The opposition street protestors see al-Zurufi as part of the old establishment they oppose, but their numbers have dwindled. While thousands had occupied Baghdad’s Tahrir Square at the height of protests last year, only a few hundred remain today.

But Theros says the world shouldn’t write off Iraq’s protest movement. “Unless the government addresses the issues they were protesting, they will be back,” he says. “It’s gone dormant, but it’s not dead.”

Iran currently faces a series of crises: low international oil prices, major flooding in the south, and a spreading coronavirus pandemic.

Harsh, unilateral U.S. sanctions have severely damaged the Iranian economy but have not changed Iran’s policies in the region. Nor has U.S. military action.

Nevertheless, the Trump Administration is pressuring the new Iraqi prime minister to cut off imports of Iranian gas and electricity, in keeping with U.S. sanctions. For the moment, Washington has given Iraq waivers to allow trade to continue. Many Iraqis don’t like Iran but the economies of the two countries are deeply intertwined.
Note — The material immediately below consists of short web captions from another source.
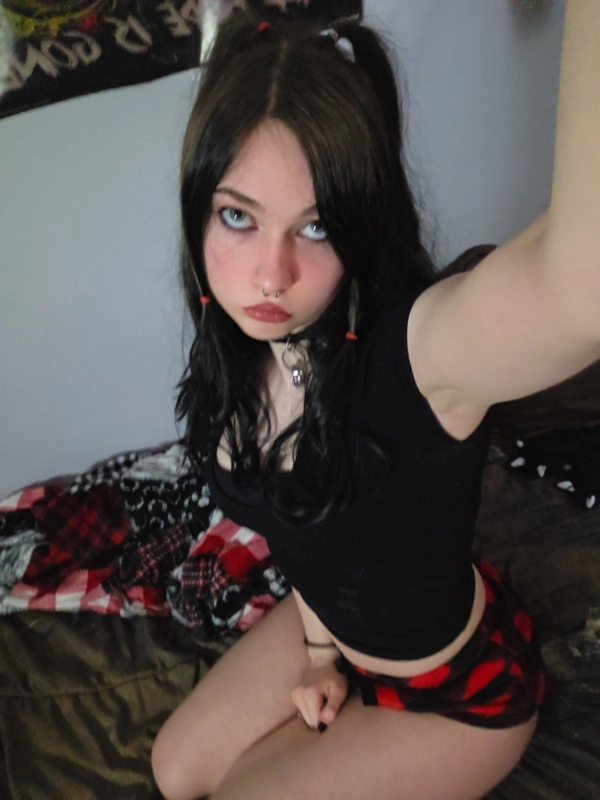retouch_2026031519311721.jpg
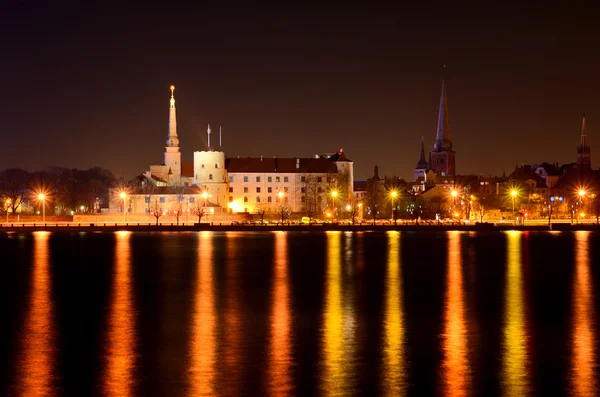 Scena notturna a Riga con il presidente palazzo — Foto Stock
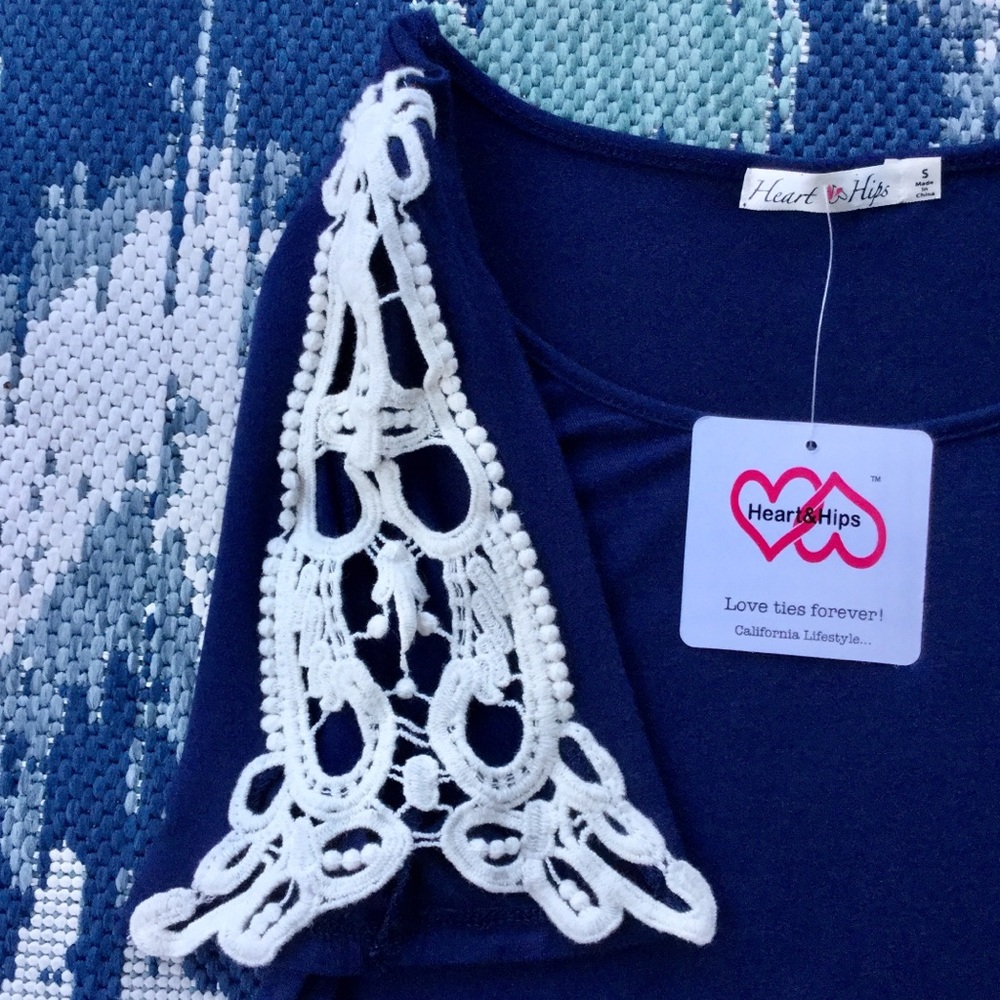 Women’s Small Embellished Sleeve Top NWT💙 - Picture 5 of 7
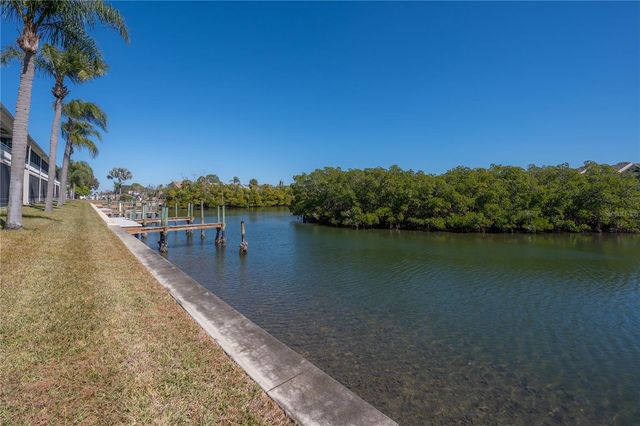 8812 BAY POINTE DRIVE D202, Tampa, FL 33615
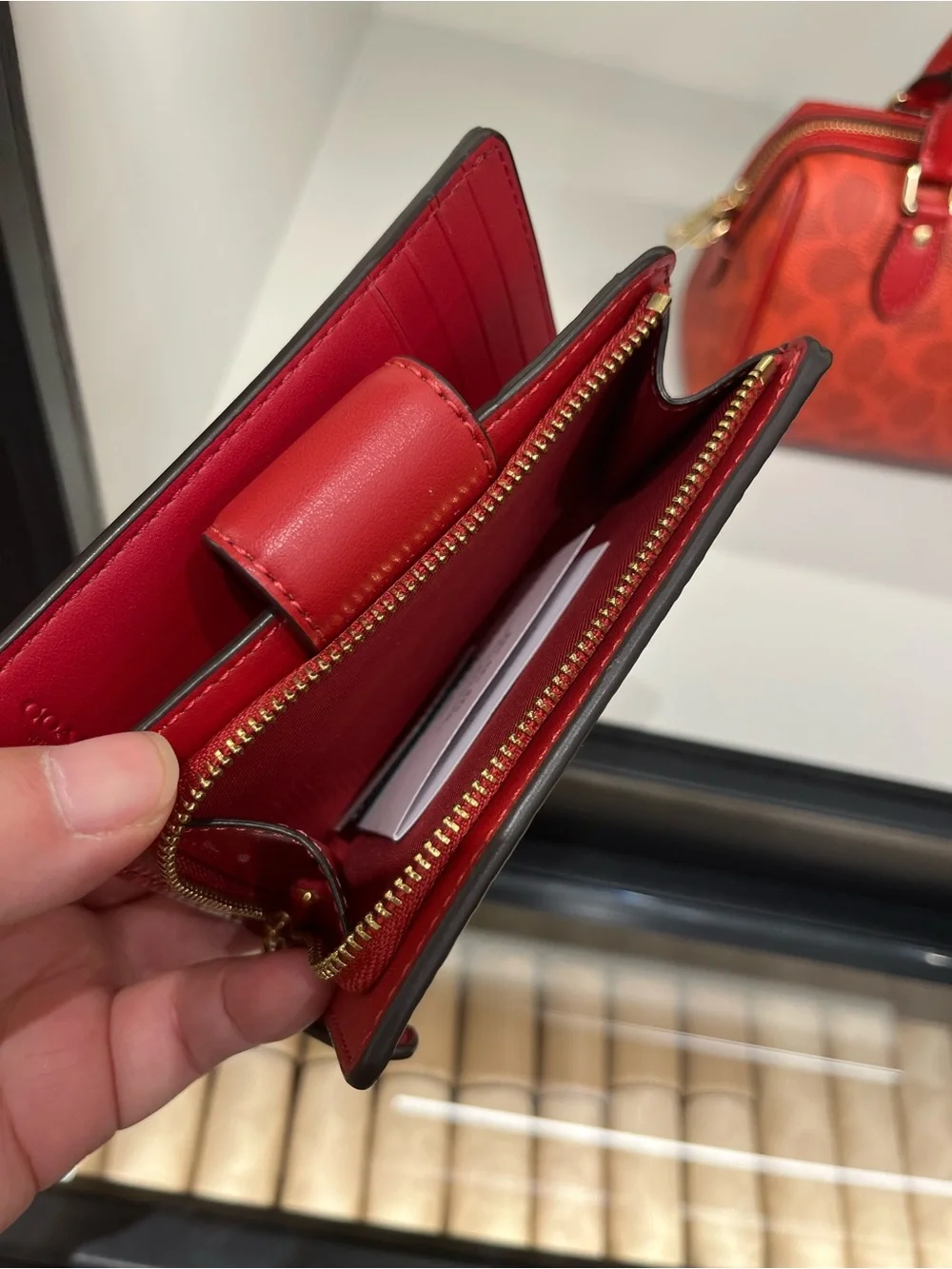 NWT Coach Medium Corner Zip Wallet limited edition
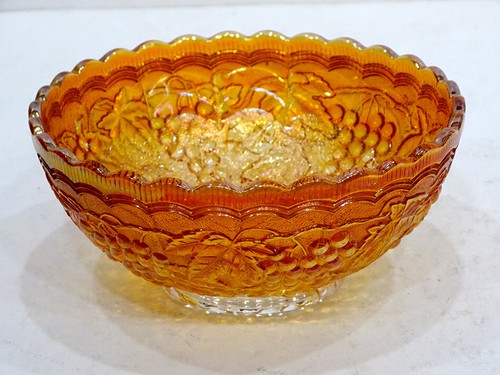 Antique IMPERIAL GRAPE & LEAVES Marigold Carnival Glass SERVING BOWL - Picture 1 of 5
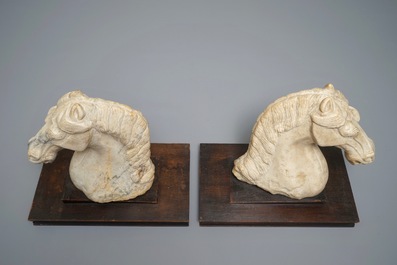 Une paire de t&ecirc;tes de chevaux en marbre sculpt&eacute;, poss. Tang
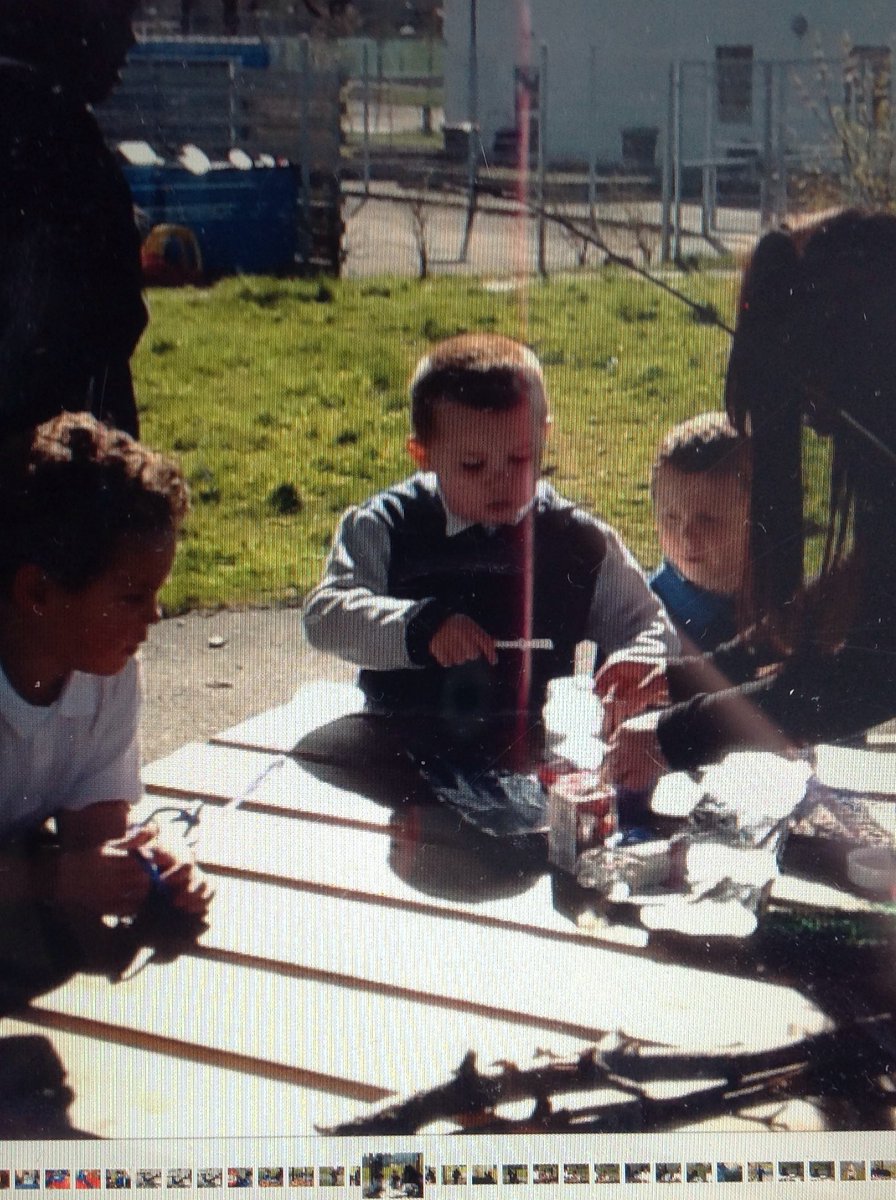 notmartenscroft's tweet photo. Making crowns in the forest school using natural things #HappyBirthdayQueenElizabeth #britishvalues #fun#grangemcr https://t.co/37DqgNuxrW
“They can’t do it,” Theros says. “They have no choice but to choose Iran over the United States.”

So the ball is in the United States’ court. Trump can continue his “maximum pressure campaign” against Iran and face continued Iraqi attacks on U.S. troops. Or he can back off to focus on domestic concerns and avoid a wider war.

Iranians can wait. They may yet see regime change in Washington this November, long before it comes to Tehran.